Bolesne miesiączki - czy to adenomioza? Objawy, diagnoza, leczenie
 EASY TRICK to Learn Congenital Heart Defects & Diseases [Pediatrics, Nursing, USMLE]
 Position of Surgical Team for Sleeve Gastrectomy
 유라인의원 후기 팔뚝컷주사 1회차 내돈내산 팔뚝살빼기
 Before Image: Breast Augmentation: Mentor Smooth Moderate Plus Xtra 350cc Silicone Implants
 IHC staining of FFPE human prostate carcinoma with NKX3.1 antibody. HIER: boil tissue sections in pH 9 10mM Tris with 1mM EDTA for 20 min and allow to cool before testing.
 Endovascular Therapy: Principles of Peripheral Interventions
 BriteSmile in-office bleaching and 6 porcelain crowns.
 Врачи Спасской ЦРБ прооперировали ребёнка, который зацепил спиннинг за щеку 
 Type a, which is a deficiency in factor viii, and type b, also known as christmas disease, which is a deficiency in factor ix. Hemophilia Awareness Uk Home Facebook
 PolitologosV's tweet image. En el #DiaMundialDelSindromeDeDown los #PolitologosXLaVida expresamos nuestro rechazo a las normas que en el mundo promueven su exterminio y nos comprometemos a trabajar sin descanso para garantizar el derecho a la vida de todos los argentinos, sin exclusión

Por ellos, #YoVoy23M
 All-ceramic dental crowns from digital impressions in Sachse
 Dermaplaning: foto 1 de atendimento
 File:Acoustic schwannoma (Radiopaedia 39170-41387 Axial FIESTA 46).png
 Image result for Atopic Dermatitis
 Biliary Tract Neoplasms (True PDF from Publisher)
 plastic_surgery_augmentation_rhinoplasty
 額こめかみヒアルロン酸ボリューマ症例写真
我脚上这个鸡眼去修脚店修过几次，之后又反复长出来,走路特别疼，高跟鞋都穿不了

◆ **WHAT YOU SHOULD DO**
Find "IHC staining of" in the entries above and copy that whole line exactly, then each line after it through the line that contains "All-ceramic dental crowns".

◆ **TASK ANSWER**
 IHC staining of FFPE human prostate carcinoma with NKX3.1 antibody. HIER: boil tissue sections in pH 9 10mM Tris with 1mM EDTA for 20 min and allow to cool before testing.
 Endovascular Therapy: Principles of Peripheral Interventions
 BriteSmile in-office bleaching and 6 porcelain crowns.
 Врачи Спасской ЦРБ прооперировали ребёнка, который зацепил спиннинг за щеку 
 Type a, which is a deficiency in factor viii, and type b, also known as christmas disease, which is a deficiency in factor ix. Hemophilia Awareness Uk Home Facebook
 PolitologosV's tweet image. En el #DiaMundialDelSindromeDeDown los #PolitologosXLaVida expresamos nuestro rechazo a las normas que en el mundo promueven su exterminio y nos comprometemos a trabajar sin descanso para garantizar el derecho a la vida de todos los argentinos, sin exclusión

Por ellos, #YoVoy23M
 All-ceramic dental crowns from digital impressions in Sachse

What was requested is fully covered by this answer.